WHAT THIS TASK INVOLVES. Among the entries below, only the lines from the one with "Halsketten und Anhänger" through the one with "Moderne Karte Cote" are to be retyped, exactly and without pictures.

[[ MATERIAL TO PROCESS open ]]

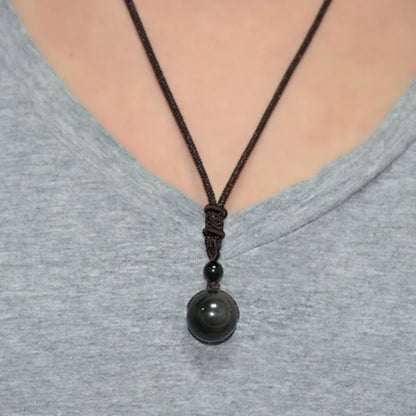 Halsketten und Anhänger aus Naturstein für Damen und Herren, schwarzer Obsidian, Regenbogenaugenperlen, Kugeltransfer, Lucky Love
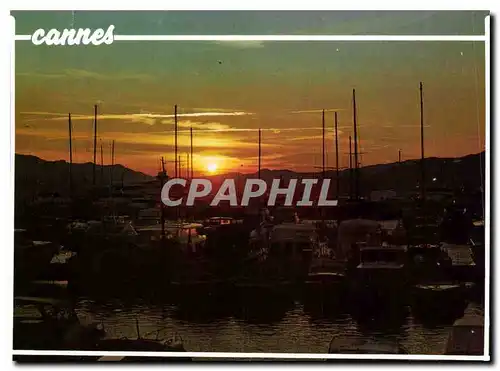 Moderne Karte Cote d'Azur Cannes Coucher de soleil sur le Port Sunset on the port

[[ MATERIAL TO PROCESS closed ]]
[[ MATERIAL TO PROCESS open ]]

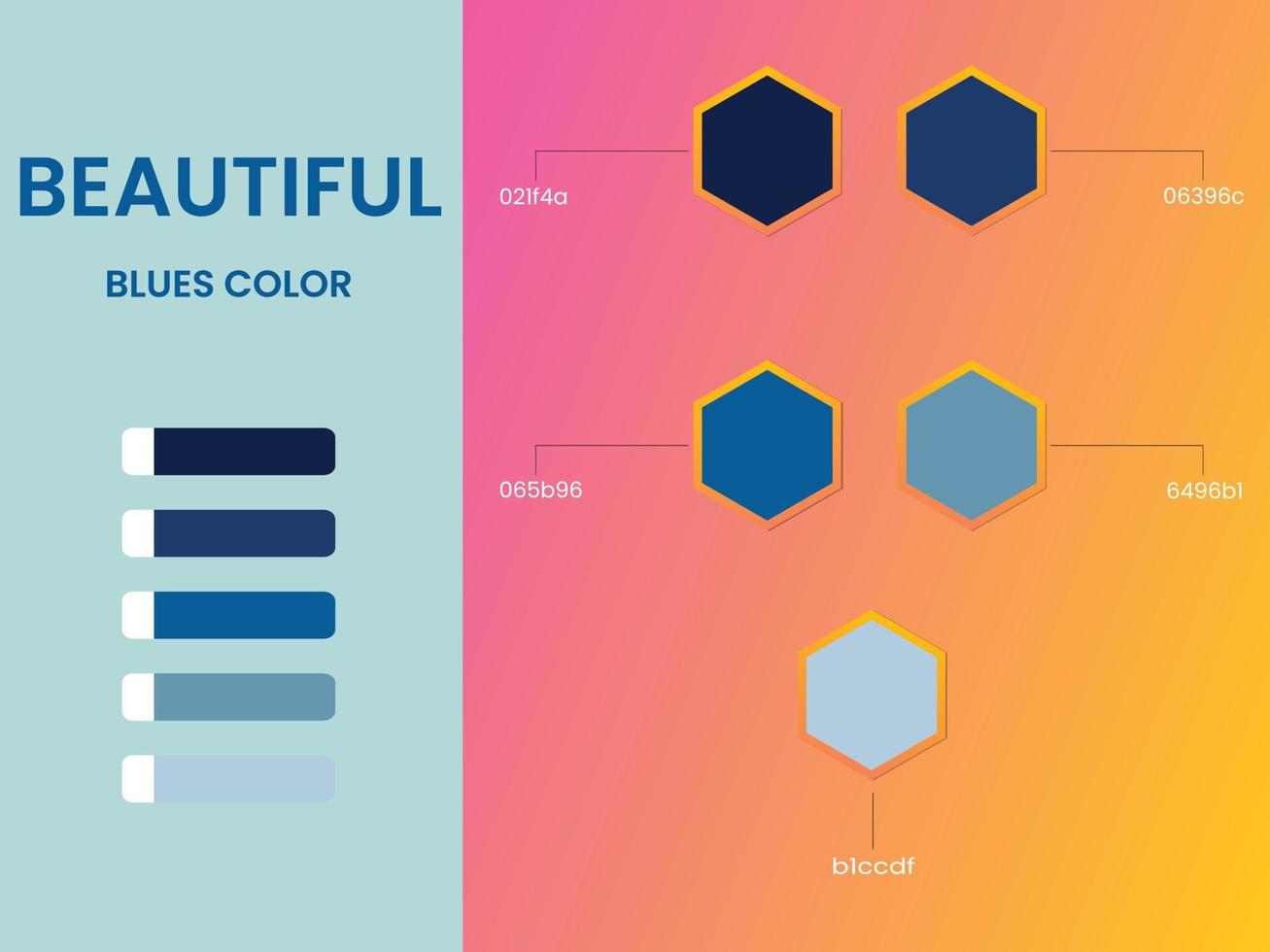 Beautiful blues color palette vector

[[ MATERIAL TO PROCESS closed ]]
[[ MATERIAL TO PROCESS open ]]

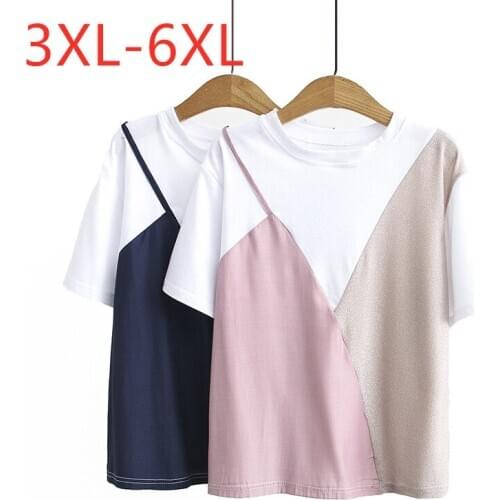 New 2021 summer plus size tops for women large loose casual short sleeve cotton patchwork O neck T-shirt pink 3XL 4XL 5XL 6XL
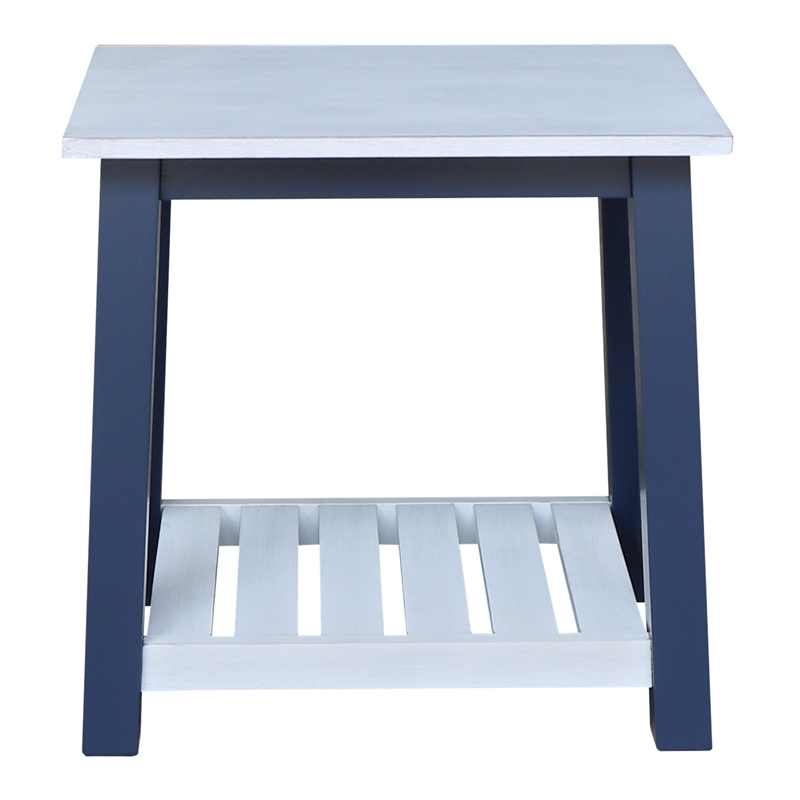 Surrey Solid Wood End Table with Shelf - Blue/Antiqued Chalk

[[ MATERIAL TO PROCESS closed ]]

EXERCISE RESULT.
 Halsketten und Anhänger aus Naturstein für Damen und Herren, schwarzer Obsidian, Regenbogenaugenperlen, Kugeltransfer, Lucky Love
 Moderne Karte Cote d'Azur Cannes Coucher de soleil sur le Port Sunset on the port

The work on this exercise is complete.